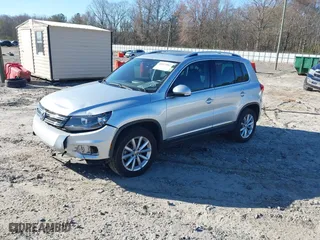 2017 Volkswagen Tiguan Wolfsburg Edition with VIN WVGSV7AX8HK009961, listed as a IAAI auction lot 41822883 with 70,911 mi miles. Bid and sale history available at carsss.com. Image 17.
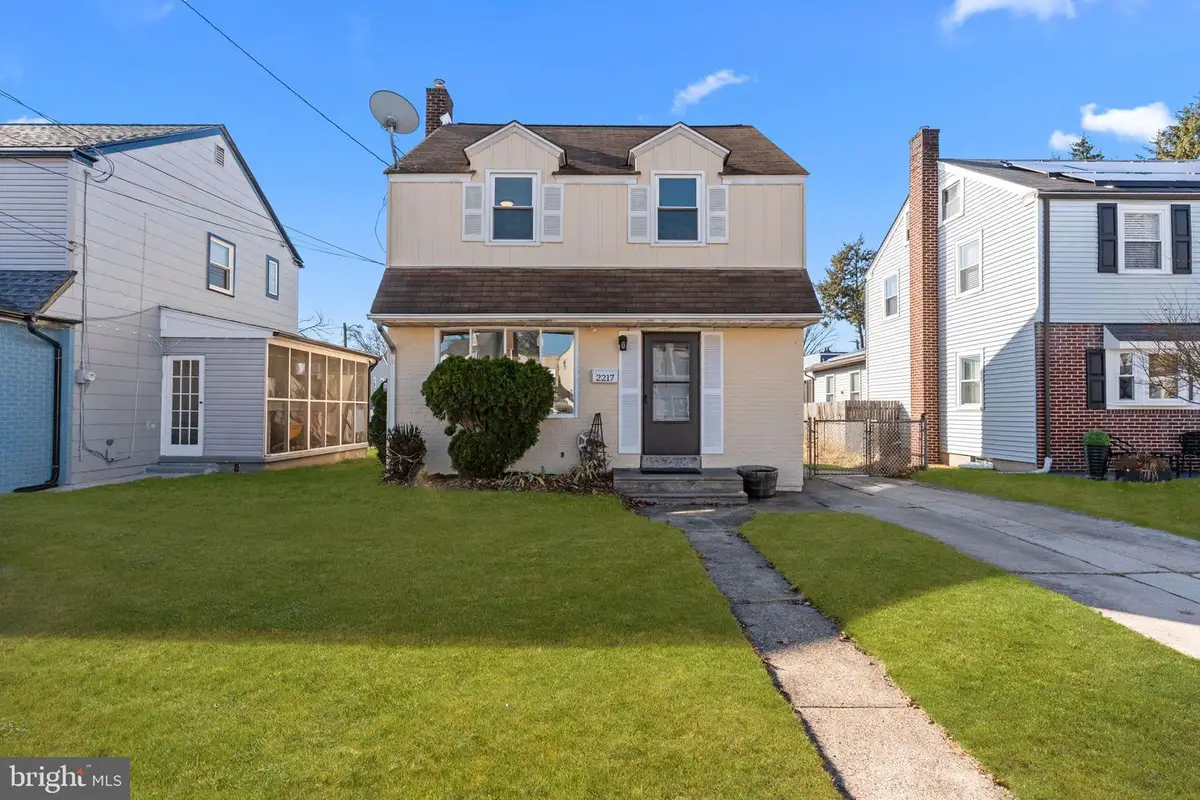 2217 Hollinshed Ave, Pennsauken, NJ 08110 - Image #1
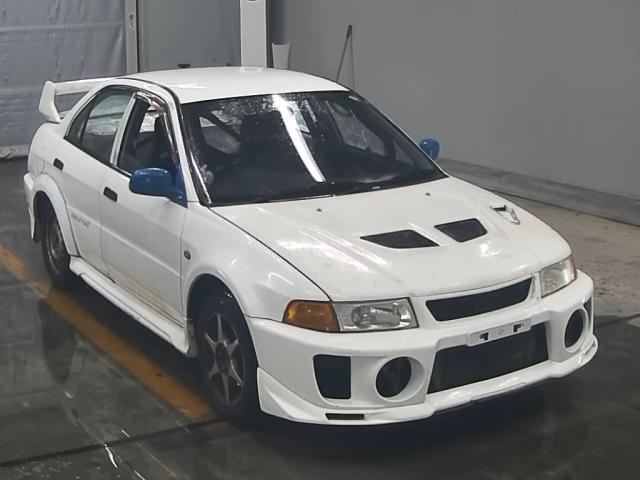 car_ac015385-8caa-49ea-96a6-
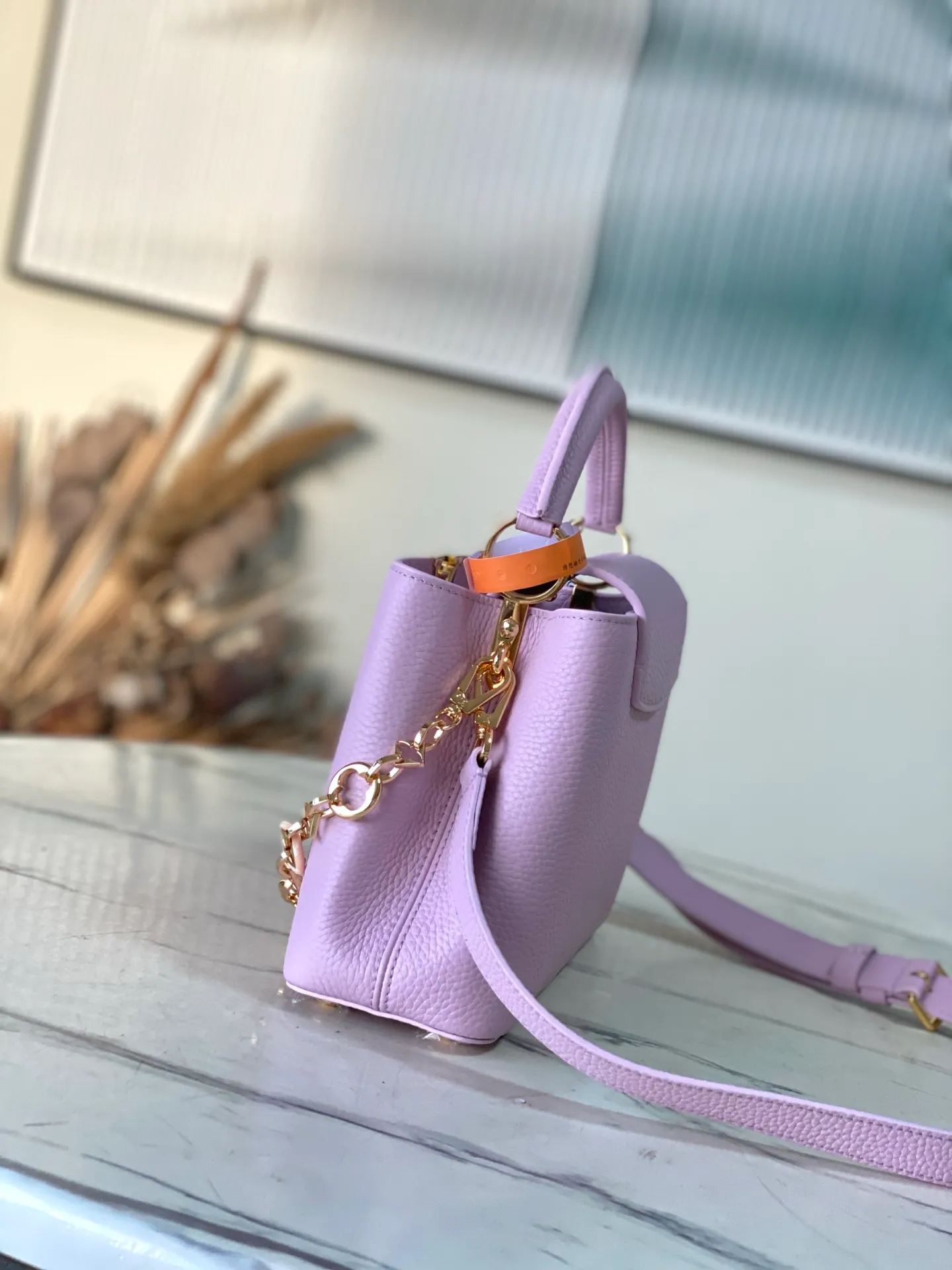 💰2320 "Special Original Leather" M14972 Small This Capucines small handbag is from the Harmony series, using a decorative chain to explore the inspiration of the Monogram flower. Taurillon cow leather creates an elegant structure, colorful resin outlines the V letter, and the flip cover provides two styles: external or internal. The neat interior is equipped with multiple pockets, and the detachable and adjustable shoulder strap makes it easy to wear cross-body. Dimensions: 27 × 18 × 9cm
==
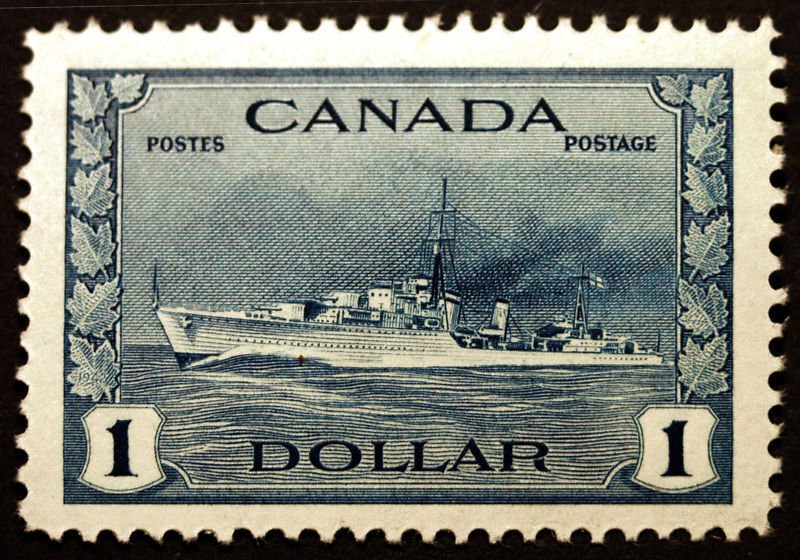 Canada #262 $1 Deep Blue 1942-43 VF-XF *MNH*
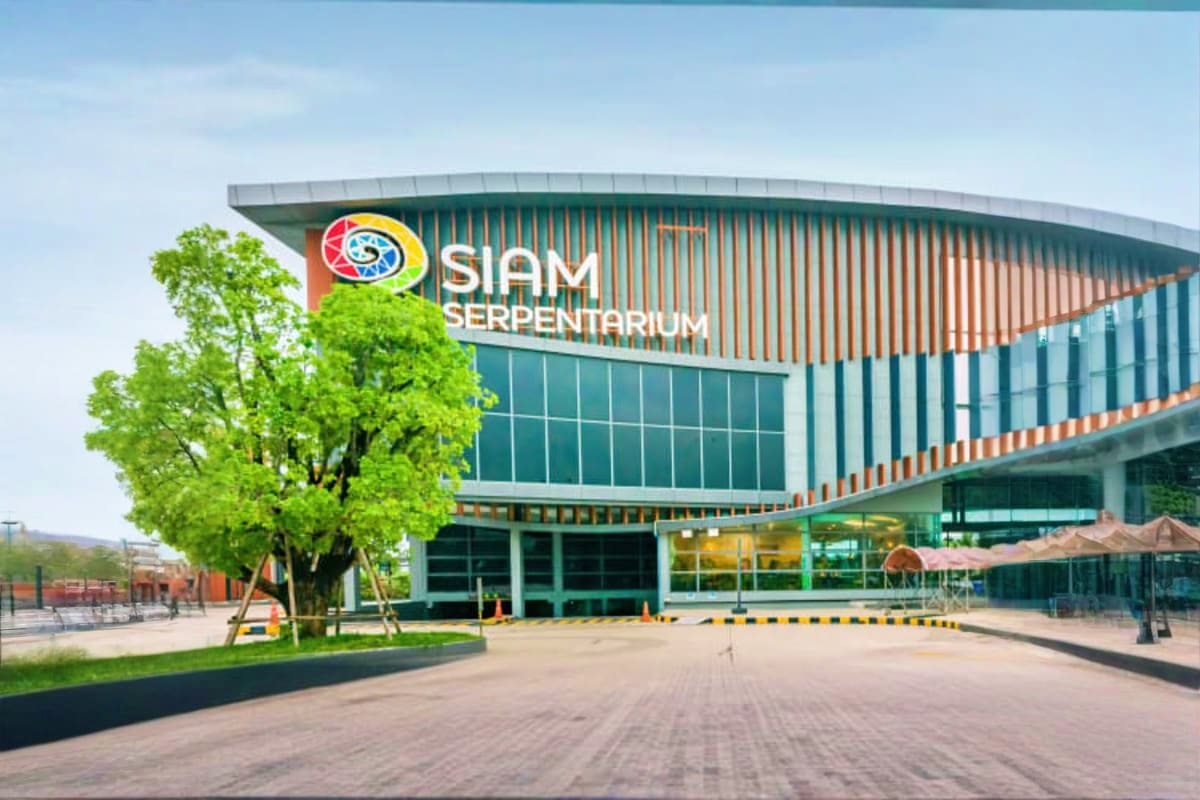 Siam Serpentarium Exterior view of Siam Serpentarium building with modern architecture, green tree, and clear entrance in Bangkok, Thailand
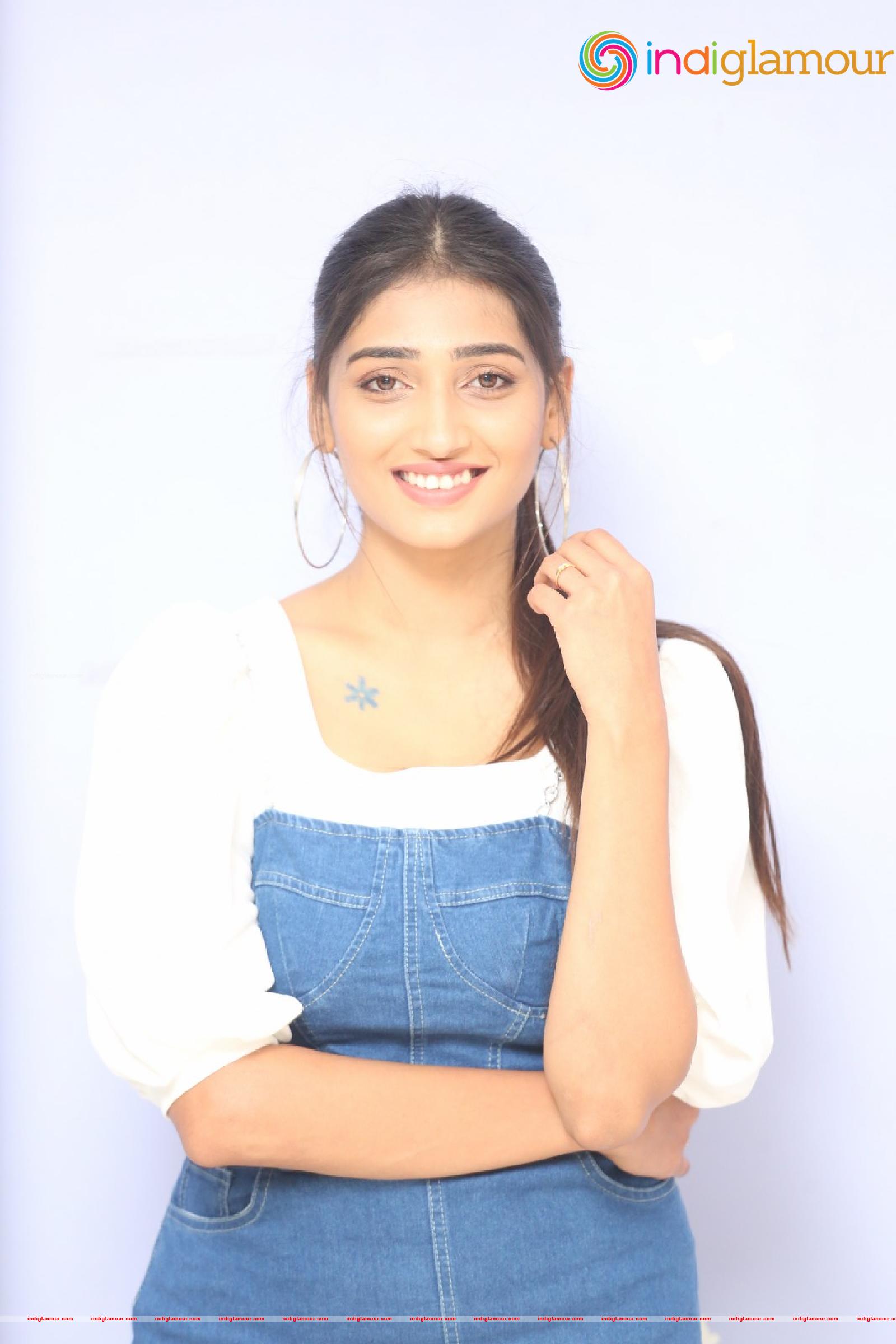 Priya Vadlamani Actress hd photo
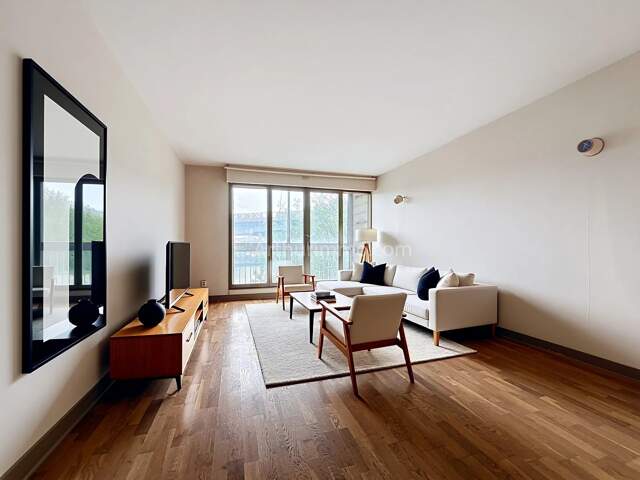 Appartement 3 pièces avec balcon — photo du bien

TASK TO CARRY OUT
Once the line with "2017 Volkswagen Tiguan" is found in the data above, reproduce it and each line after it exactly, through the line with "27 × 18 × 9cm". Omit the pictures.

TASK ANSWER
 2017 Volkswagen Tiguan Wolfsburg Edition with VIN WVGSV7AX8HK009961, listed as a IAAI auction lot 41822883 with 70,911 mi miles. Bid and sale history available at carsss.com. Image 17.
 2217 Hollinshed Ave, Pennsauken, NJ 08110 - Image #1
 car_ac015385-8caa-49ea-96a6-
 💰2320 "Special Original Leather" M14972 Small This Capucines small handbag is from the Harmony series, using a decorative chain to explore the inspiration of the Monogram flower. Taurillon cow leather creates an elegant structure, colorful resin outlines the V letter, and the flip cover provides two styles: external or internal. The neat interior is equipped with multiple pockets, and the detachable and adjustable shoulder strap makes it easy to wear cross-body. Dimensions: 27 × 18 × 9cm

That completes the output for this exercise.